Backstop Investor
In a direct rights offering, the issuer only sells shares to shareholders who exercise their rights in the primary subscription period and any oversubscription period; there is no backstop or standby purchaser. Issuers conducting a direct rights offering risk having an undersubscribed offering, which may limit the amount of capital they could raise. To eliminate this risk, issuers may wish to engage the services of a backstop investor, which is a third party (usually an investment bank or an affiliate of the issuer) that agrees to purchase any shares not purchased in the oversubscription period. The issuer typically enters into an agreement with the backstop investor prior to the commencement of the rights offering whereby the backstop investor commits to buying any shares not purchased in the oversubscription period. This arrangement guarantees that the offering will be fully subscribed and enables the issuer to raise the necessary capital.

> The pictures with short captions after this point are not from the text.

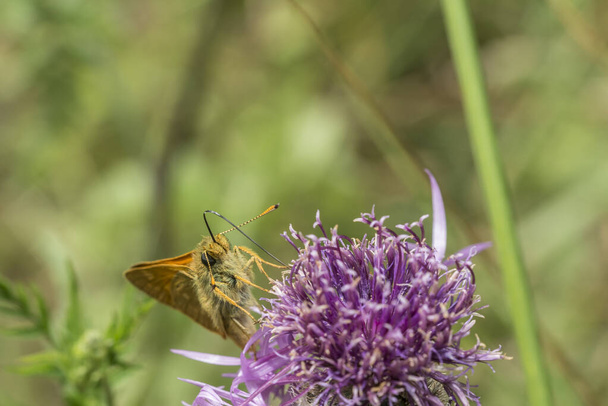 Cabeza a la vista del pequeño patrón (Thymelicus sylvestris) mariposa sentada en una cabeza de flor escabiosa - Foto, imagen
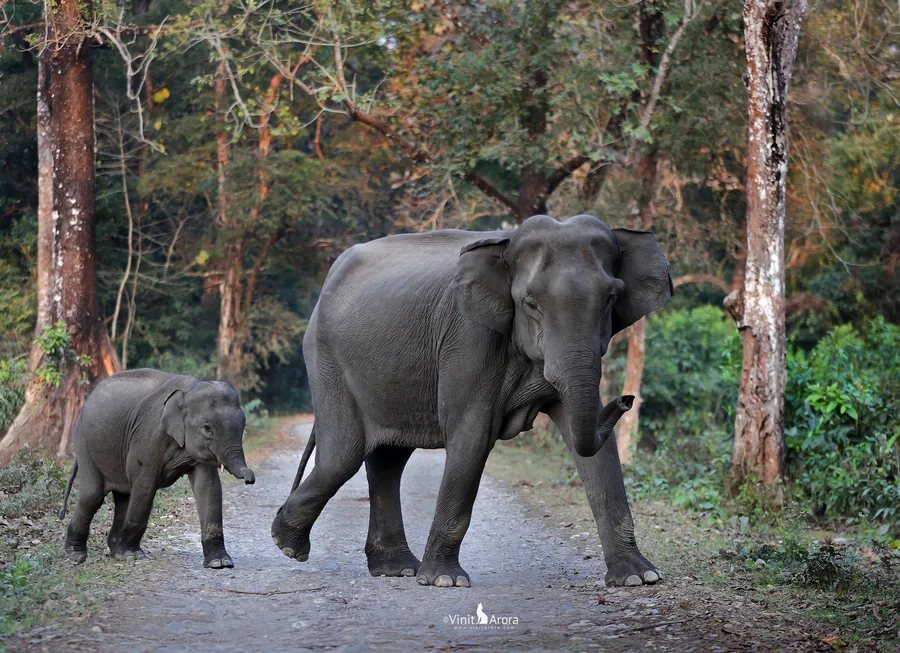 An Asian elephant mother crosses a forest road with her young calf trailing close behind her in warm evening light.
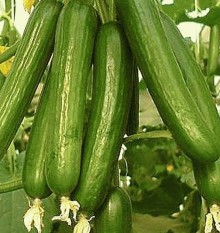 Огурец Лахиб F1 - ООО «Семена Тут»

Subject to the limited exception below, the backstop investor generally must be an existing shareholder in rights offerings that rely on Section 23(b)(1). In a non-transferrable rights offering, only existing shareholders can participate. In a transferrable rights offering, an investment bank or other purchaser is permitted to purchase the transferrable rights directly from the existing shareholders in the secondary market. While persons who purchased rights in the secondary market are permitted to participate in the primary subscription, they generally are not permitted to oversubscribe. By design, a backstop investor is expected to purchase unwanted shares in the oversubscription, which an investor cannot do in a non-transferable rights offering, and may not be able to do in a transferable rights offering, unless it is a shareholder on the record date.
An investment bank or any other purchaser that wishes to serve as a backstop investor can ensure its ability to participate in the oversubscription by buying shares of the issuer in the secondary market and becoming a shareholder before the record date of the rights offering. As long as the backstop investor becomes a shareholder by the record date, it may participate in both the primary subscription and the oversubscription periods.
However, as noted above, there is one narrow exception. Where a BDC has obtained shareholder approval to issue shares below NAV in reliance on Section 63(2) of the 1940 Act, an investment bank or other purchaser which does not otherwise own shares of the issuer may act as a de facto backstop investor by purchasing shares not acquired by existing shareholders in the rights offering at the discounted price directly from the issuer.
In the situation where a fund is relying on Section 23(b)(1), the fund may not compensate the backstop investor since funds cannot pay a fee to certain shareholders for purchasing shares because this would, in effect, result in the sale of shares to different holders on different terms.
To determine whether a backstop investor is needed, issuers are allowed to “test the water” with qualified institutional buyers and institutional accredited investors.